-------- Data excerpt --------

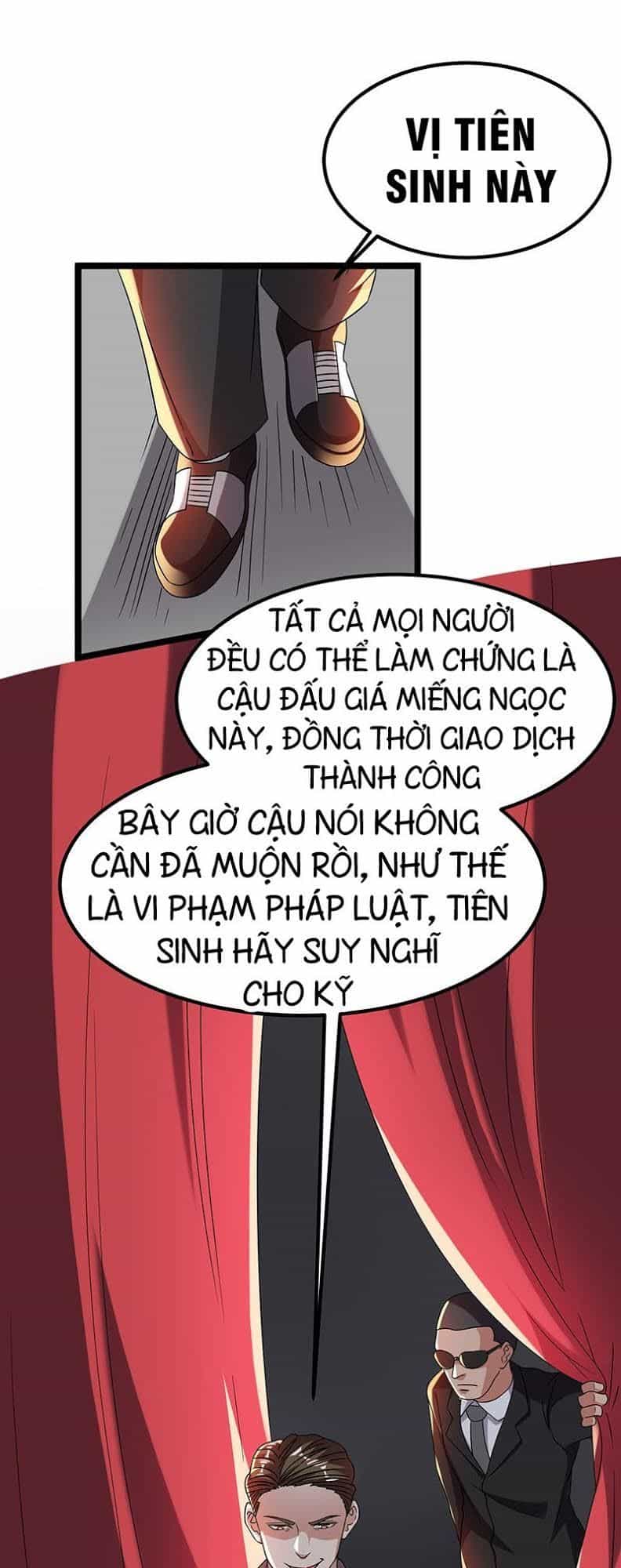 Tiên Vương Trùng Sinh - Chương 11 - ảnh 31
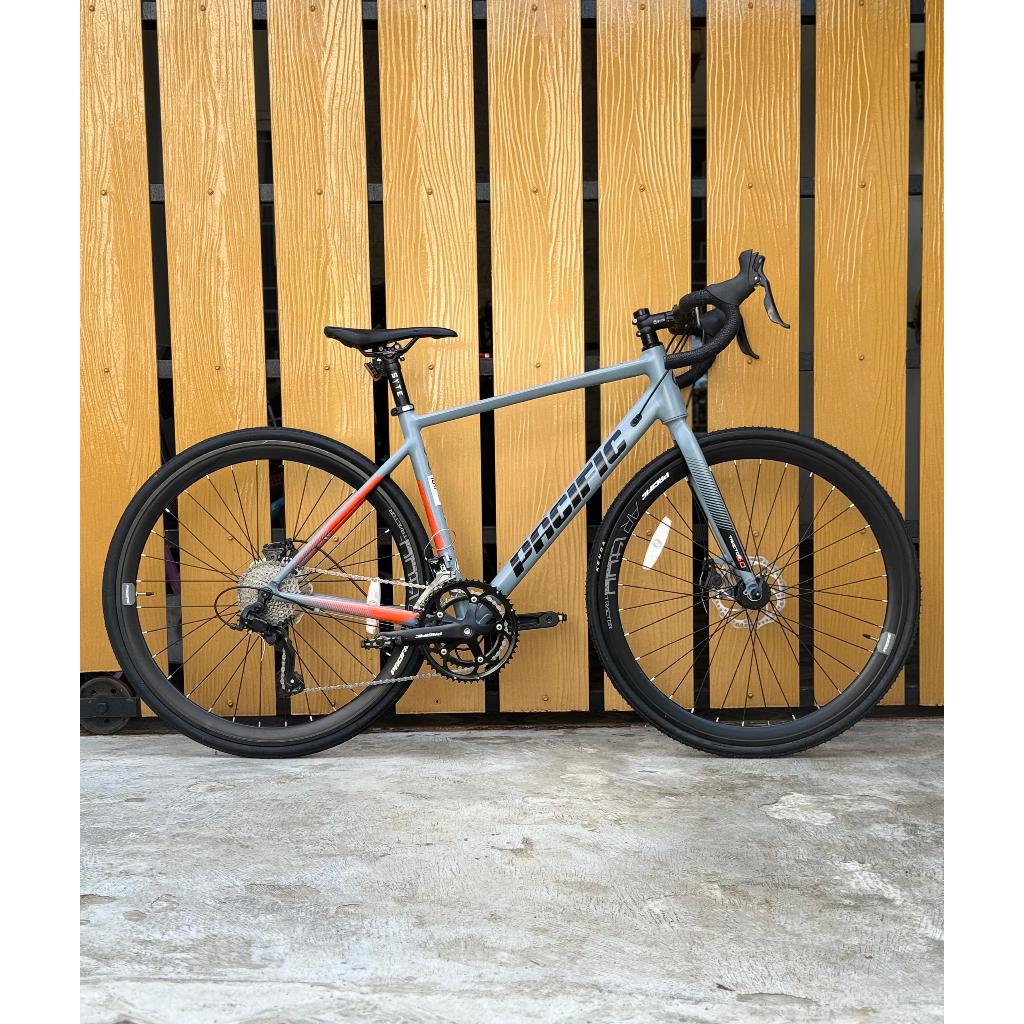 Roadbike Pacific Tractor 5.0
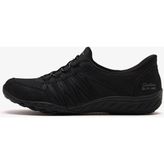 Skechers 100764 BBK Breathe-easy-somerset Grace Siyah Kadın Spor Ayakkabı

--------

= Task to carry out =
Everything in the data above gets copied exactly. Only the pictures are skipped.

= Answer to this task =
 Tiên Vương Trùng Sinh - Chương 11 - ảnh 31
 Roadbike Pacific Tractor 5.0
 Skechers 100764 BBK Breathe-easy-somerset Grace Siyah Kadın Spor Ayakkabı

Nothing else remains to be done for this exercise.